The Future of Pension Funds
The biggest pension funds can have a large influence in the market because of their size. Of course, they are also responsible for providing retirement income to millions of people. Pension funds face a variety of challenges in order to reach their goals:
- Geopolitical conflict creates volatility and uncertainty
- High inflation and low interest rates (relative to long-term averages) limit return potential
- Aging populations mean more withdrawals and less fund contributions
Some pension funds are turning to alternative assets, such as private equity, in pursuit of more diversification and higher returns.

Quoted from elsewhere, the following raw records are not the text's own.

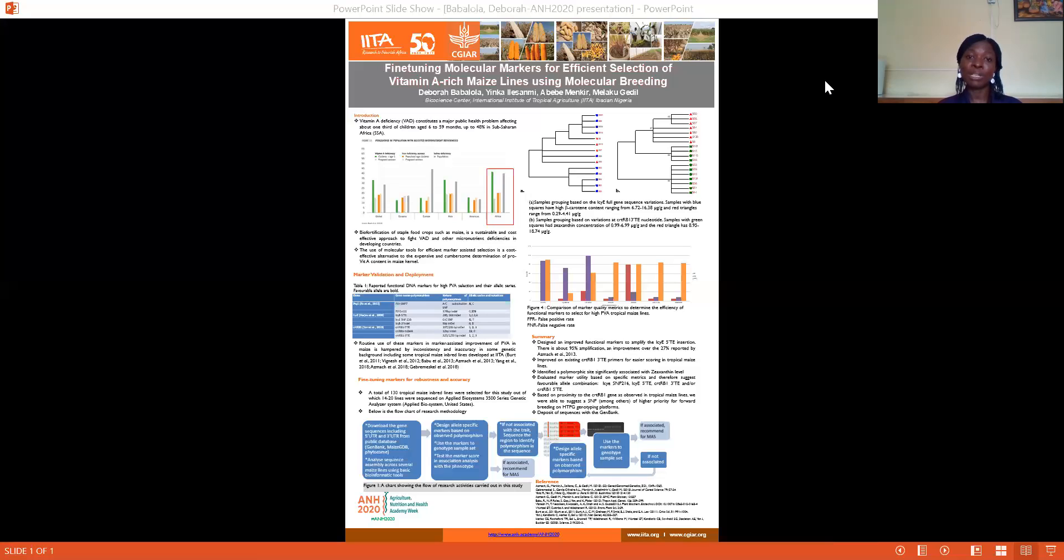We redesigned some primers and evaluated their utility alongside the existing ones. Based on this, we made our recommendations.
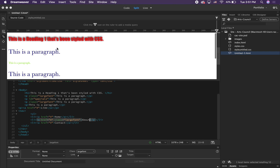So those are the four things we learned in this lesson: classes, IDs, descendant selectors, and pseudo classes. Now you'll get a chance to apply those by doing Project 5, the music festival site.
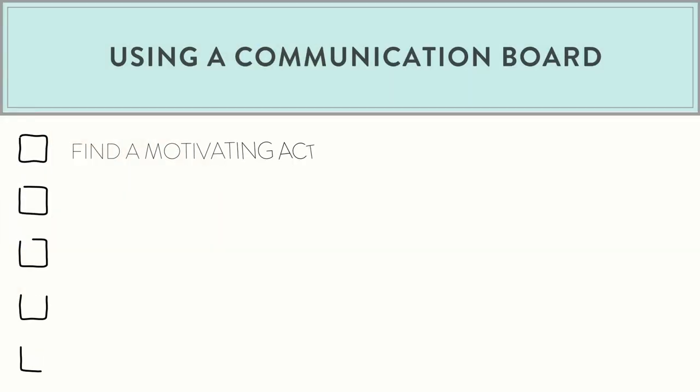When you're getting started, the first thing you need to do is find a motivating activity. This should be something that makes your child smile and laugh — it could be a special toy or playing their favorite video on YouTube. The key is that the motivation has to be there, otherwise we won't have kids buying into this new way of communicating, and in the beginning that's the most important part.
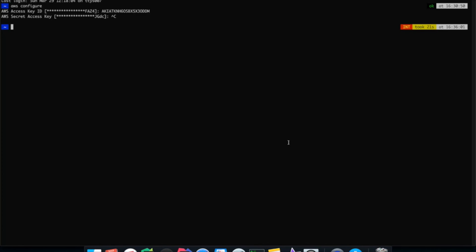This is how you configure secret and access keys of AWS on your laptop so you can connect to AWS cloud easily. Next, you can run commands to deploy infrastructure using Terraform, and we are going to see how to deploy all the required infrastructure.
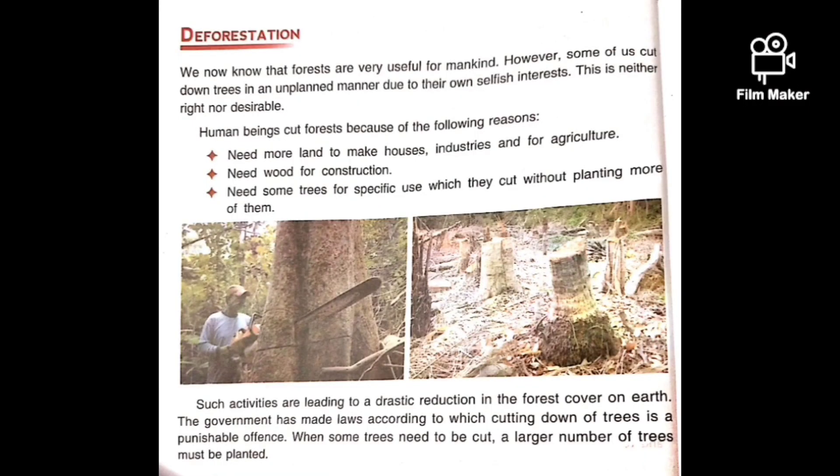Let's start the topic deforestation, which means the removal of forests by cutting down trees. We all know that forests are very useful for everyone. Yet some people cut trees in an unplanned manner only because of their selfish interest. Unplanned manner means they cut trees without planting more of them, so this is neither right nor desirable.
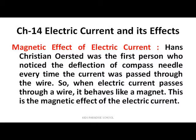Now the heating effect of electric current has been explained. I will now tell you about the magnetic effect of electric current. What do we mean by the magnetic effect of electric current? Hans Christian Oersted was the first person who noticed the deflection of the compass needle every time the current was passed through the wire. When the current passes through the wire, it behaves like a magnet — this is known as the magnetic effect of electric current.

Of course, these investments can also carry more risk.
Ontario Teachers’ Pension Plan, number 18 on the list, invested $95 million in the now-bankrupt cryptocurrency exchange FTX. The plan made the investment through its venture growth platform, to “gain small-scale exposure to an emerging area in the financial technology sector.”
In this case, the investment’s failure is expected to have a minimal impact given it only made up 0.05% of the plan’s net assets. However, it does highlight the challenges pension funds face to generate sufficient returns in a variety of macroeconomic environments.